Apa yang bisa dilakukan pada perkosaan dalam perkawinan, perkosaan dalam pacaran, cybercrime, dan kekerasan seksual pada perempuan disabillitas? Kiranya makin mendesak disahkannya RUU Penghapusan Kekerasan Seksual. Pengesahan tersebut merupakan wujud komitmen negara dalam melindungi kaum perempuan dari tindak kekerasan.

Dalam jurnalperempuan.org, Yuniyanti mengingatkan bahwa negara perlu bergerak cepat dalam menangani perlindungan korban setelah korban melapor. Yuniyanti memberi contoh kasus kejadian yang mengejutkan, terjadinya kasus seorang dokter yang dibunuh suaminya, padahal sebelumnya ia sudah mengadukan kasus kekerasan yang dialaminya. Hadirnya UU Penghapusan Kekerasan Seksual diharapkan dapat mencegah terjadinya pembunuhan seperti dialami dokter tersebut.

Penghapusan kekerasan terhadap perempuan penting dikaitkan dengan penegakan hak asasi manusia. Itulah sebabnya Hari Internasional Penghapusan Kekerasan Terhadap Perempuan yang dirayakan setiap 25 November diperpanjang sampai 10 Desember, Hari Hak Asasi Manusia (HAM).

Dipilihnya rentang waktu 16 hari tersebut mempunyai tujuan menghubungkan secara simbolik penghapusan kekerasan terhadap perempuan dengan hari HAM. Sebuah penekanan bahwa kekerasan terhadap perempuan merupakan salah satu bentuk pelanggaran HAM.

Selama 16 hari itu, Komnas Perempuan mengajak berbagai komponen masyarakat untuk bergerak secara serentak untuk:

*Menggalang gerakan solidaritas berdasarkan kesadaran bahwa kekerasan terhadap perempuan merupakan pelanggaran HAM.

* Mendorong kegiatan bersama untuk menjamin perlindungan lebih baik bagi para survivor atau penyintas.
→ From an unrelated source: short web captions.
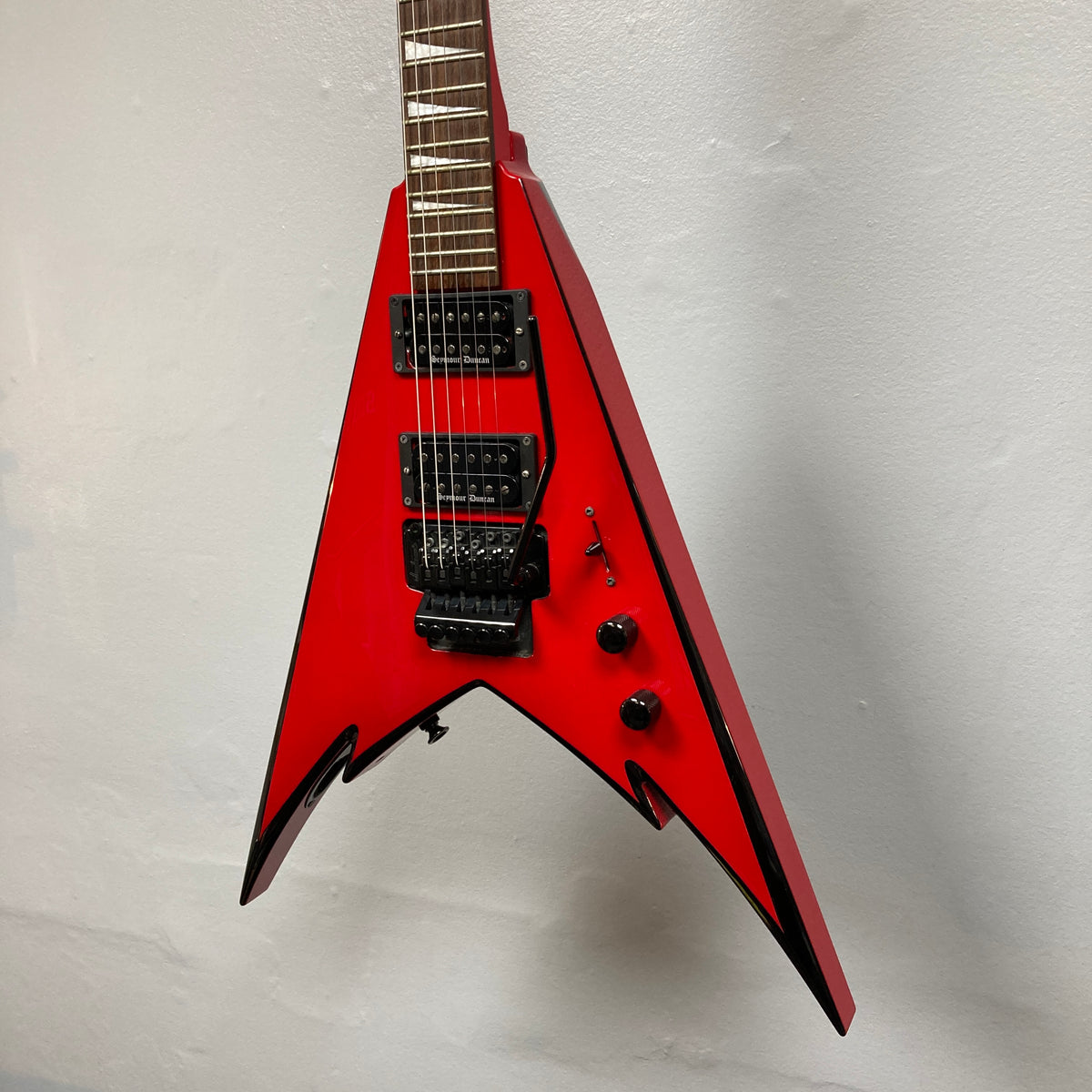 A Jackson Phil Demmel Demmelition King V guitar in striking red with a V-shaped body, featuring black hardware, dual humbucker pickups, a Floyd Rose tremolo system, and two control knobs, displayed against a plain white wall.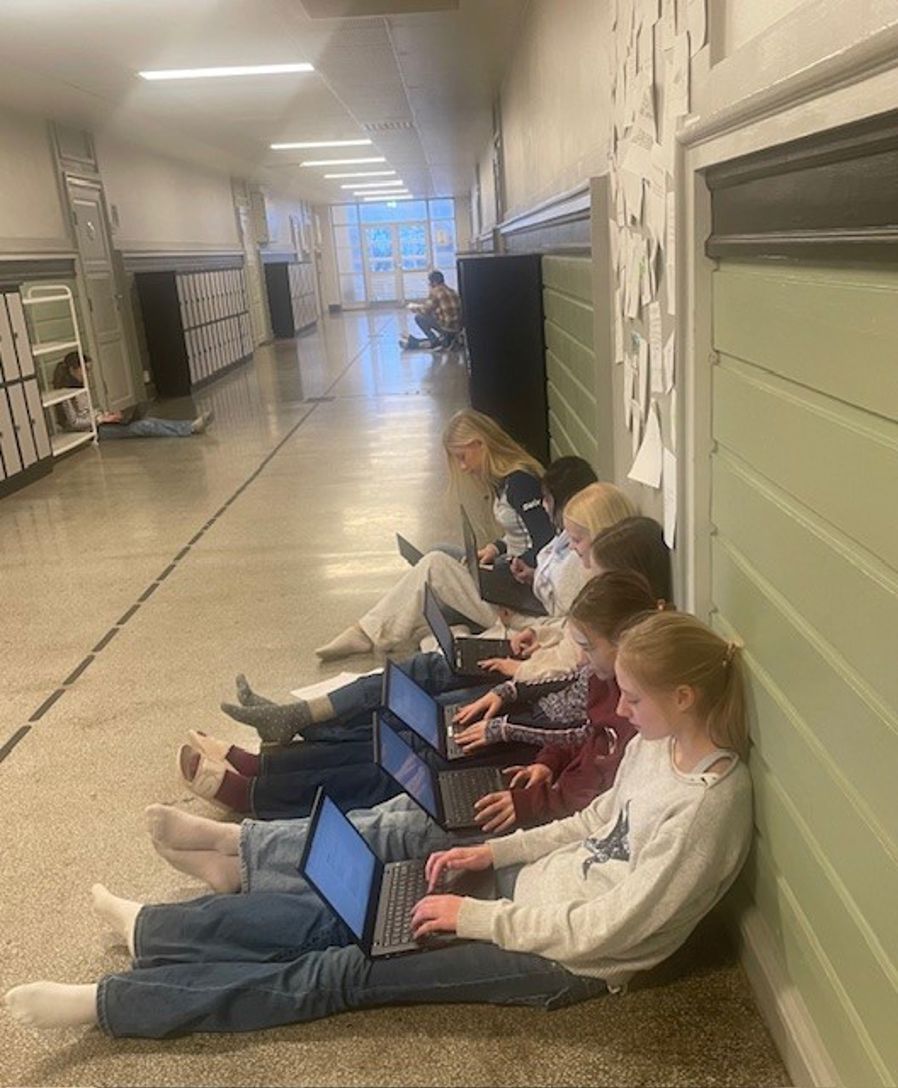 en gruppe personr som sitter på gulvet og bruker bærbare datamaskiner 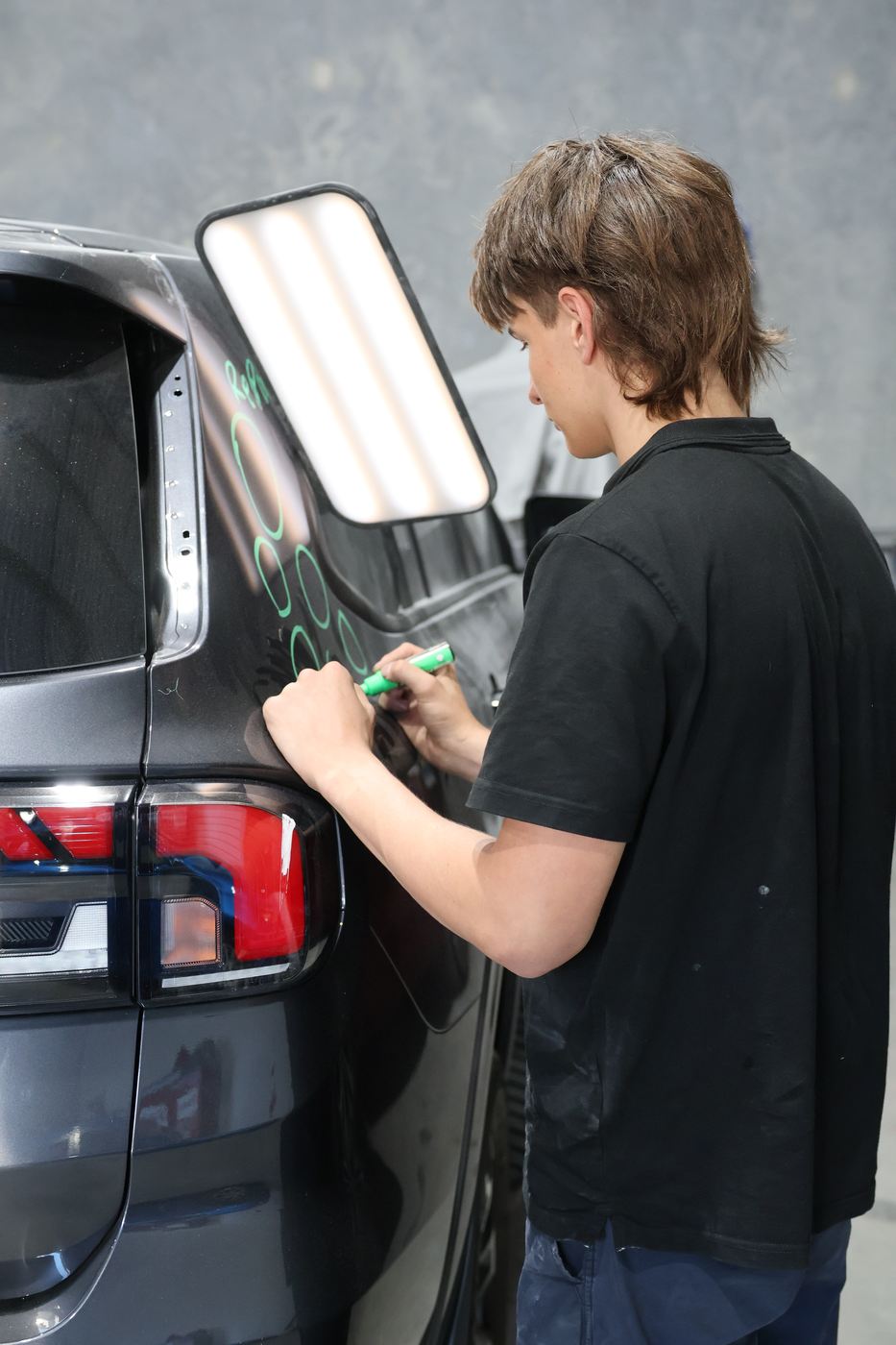 Close-up of dent assessment markings on a dark panel at MRP Automotive Refinishing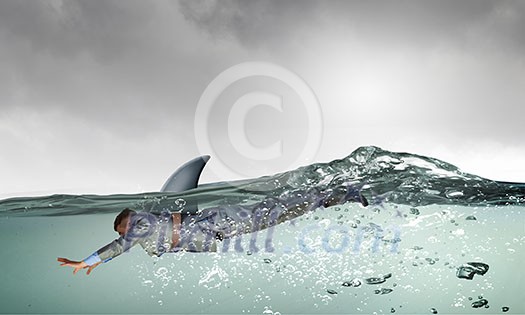 Young businessman with shark flipper swiming under water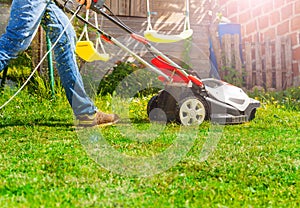 Lawn mower man using walk behind lawnmower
Korban yang sudah mampu mengatasi pengalaman kekerasan perlu mendapat pendampingan.

* Mengajak semua orang untuk terlibat aktif sesuai kapasitasnya dalam upaya penghapusan segala bentuk kekerasan terhadap perempuan.

Komnas Perempuan didirikan pada 15 Oktober 1998 berdasarkan Keputusan Presiden No.181/1998, yang diperbarui oleh Perpres No. 65 dan 66 tahun 2005. Komnas Perempuan lahir dari tuntutan masyarakat sipil, terutama kaum perempuan kepada pemerintah untuk mewujudkan tanggung jawab negara dalam menanggapi dan menangani persoalan kekerasan terhadap perempuan.

Tuntutan itu berakar dari tragedi kekerasan seksual yang dialami terutama perempuan etnis Tionghoa dalam kerusuhan Mei 1998 yang terjadi di berbagai kota besar di Indonesia.

Komnas Perempuan lahir juga sebagai wujud empati kepada para korban dan rasa tanggung jawab untuk membantu mencegah dan mengatasi terjadinya kasus tindak kekerasan pada perempuan.

Dalam perspektif itu pengesahan RUU Penghapusan Kekerasan Seksual sangat dinantikan.